Build a crawler agent pool

Anti-reptiles are numerous, the most common one is to check the Header, and the second is to block the IP based on the frequency of the visit. There are many websites that provide agents on the Internet, but the actual available IP is very small, and the purchase of the charging interface is not suitable for small projects. Therefore, it is very necessary to build a pool of your own crawler agent.

Effect

The schematic diagram of the program operation is as follows:

The database diagram is as follows:

Introduce

To get the available proxy IP, the port scan efficiency is too low. Considering the daily demand of the crawler is not large, it is most convenient to climb down from the existing proxy website. During the actual testing process, it was found that the IP availability rate provided by online proxy websites is also very low. It may be that their detection rules use Baidu and other websites as targets to check the return value. However, this method is not accurate. After all, many agents may be reversed.
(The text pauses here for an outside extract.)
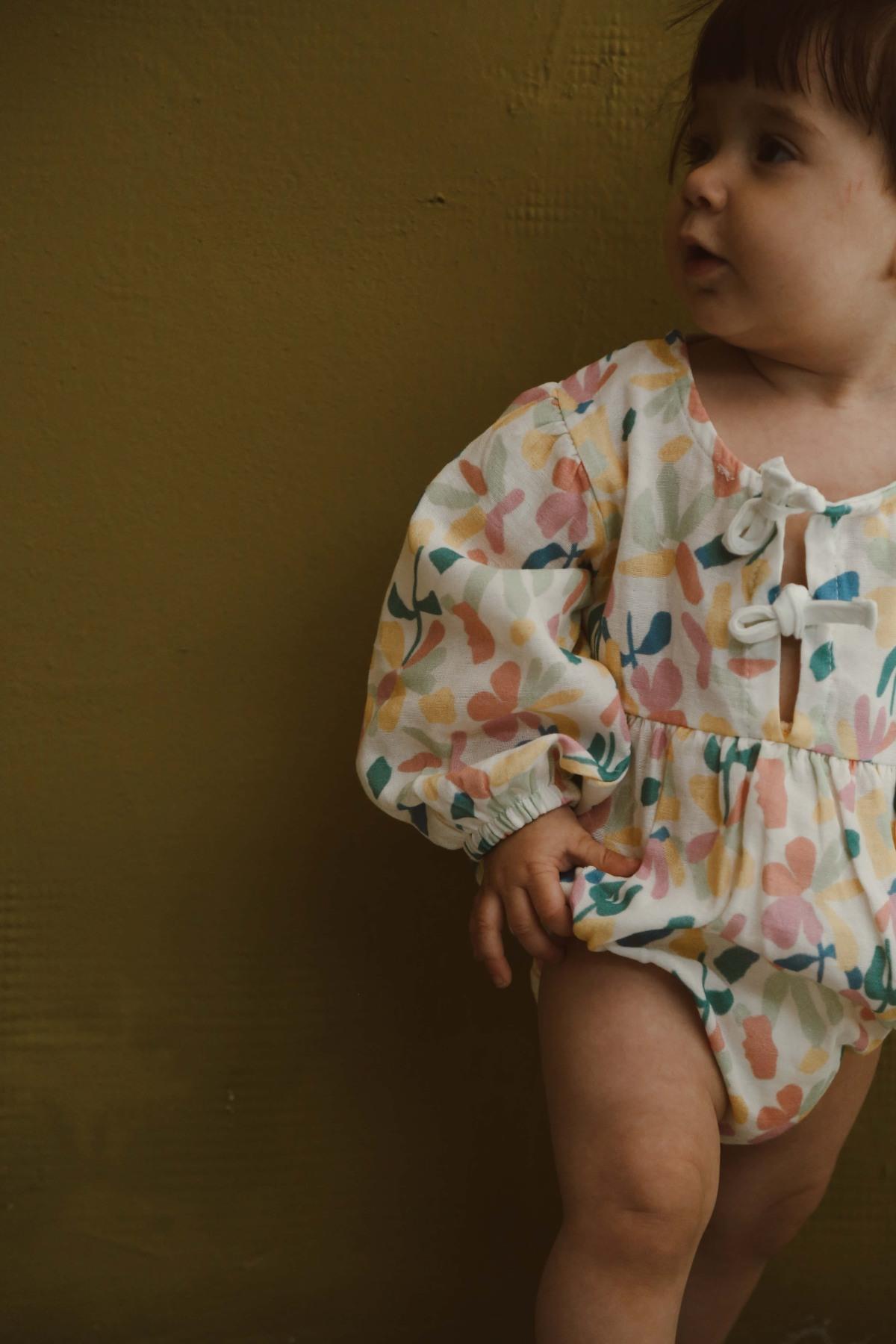 Romper prej Musline "Abstract Garden" – 100% Pambuk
Well-known sites such as Baidu.

Due to the different processing methods of X_FORWARDED_FOR, the classification of agents on the network is divided into transparent proxy and anonymous proxy, and anonymous proxy is divided into general agent and high-hiding agent. Since it is for the hidden nature of reptiles, you can only consider the high-hiding agent and do it yourself.

Step

First look for some existing agency websites, Google can find a lot. Analysis of their characteristics, found that IP, port, protocol are displayed in a table, naturally think of using BeautifulSoup’s find_all to filter, plus IP and other data format determination, you can unify the screening rules of all sites, write a general crawler It is.
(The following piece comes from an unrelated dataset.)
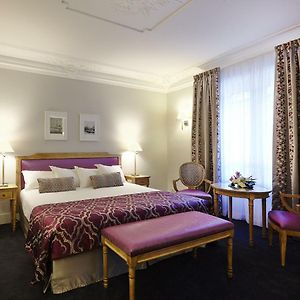 Royal Hotel Paris Champs Elysees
After climbing the data, you need to save it into the database, using sqlite3, in fact, still use the SQL syntax, so it is best to package it.
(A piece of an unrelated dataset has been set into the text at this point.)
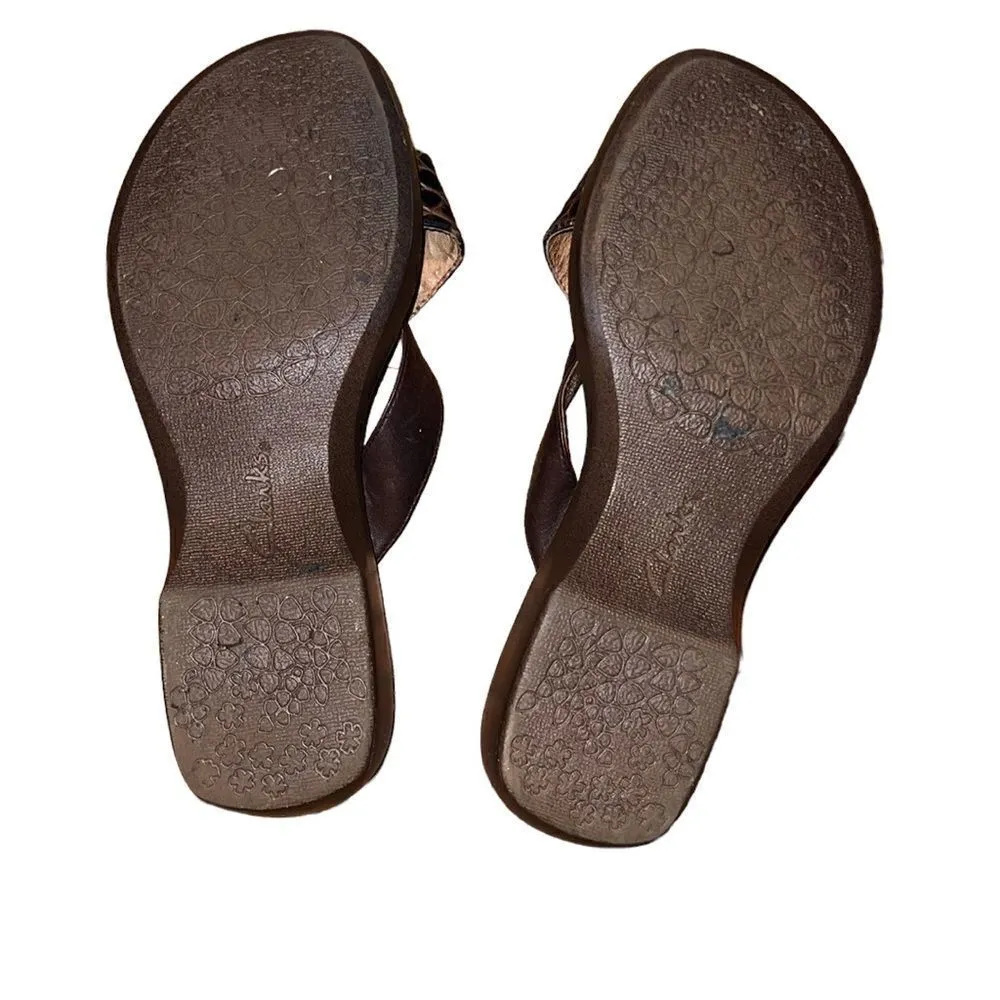 Clarks Brown Leather Thong Sandals Size 8 M - Image 5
The next step is to verify the availability of the IP. Here, http://httpbin.org/ip is used as the basis for judging. If the returned url is the same as the proxy, then the IP is determined to be available.

After determining that the IP is available, call the Taobao interface to get the geographical location of the IP and update it to the database.

The full code is on my Github[(https://github.com/SymeonChen/spider-proxy-pool)] (https://github.com/SymeonChen/spider-proxy-pool). Here are some key codes posted.


It is I/O intensive to determine whether IP is available, so multithreading is faster, so multiprocessing.dummy is called here.

1
2
3
4
5
6
7
8
from multiprocessing.dummy import Pool as ThreadPool
pool = ThreadPool(30)

results = dboperation.selectAllAddress()
pool.map(ipverify.checkAllAddress,results)

pool.close()
pool.join()


To determine whether the IP format is correct, there are many online methods, here the ipaddress module is called to complete the check, so the Python version must be greater than 3.3.

1
2
3
4
5
6
7
8
import ipaddress

def ip_isvalid(address):
try:
ipaddress.IPv4Address(address)
return True
except ipaddress.AddressValueError:
return False


Problem

  1. The proxy availability is low. If you need more than 100+ agents, you need to increase the crawled website.
  2. No external service is provided. Although the available IP is available, it is more convenient to call if it is made into an API.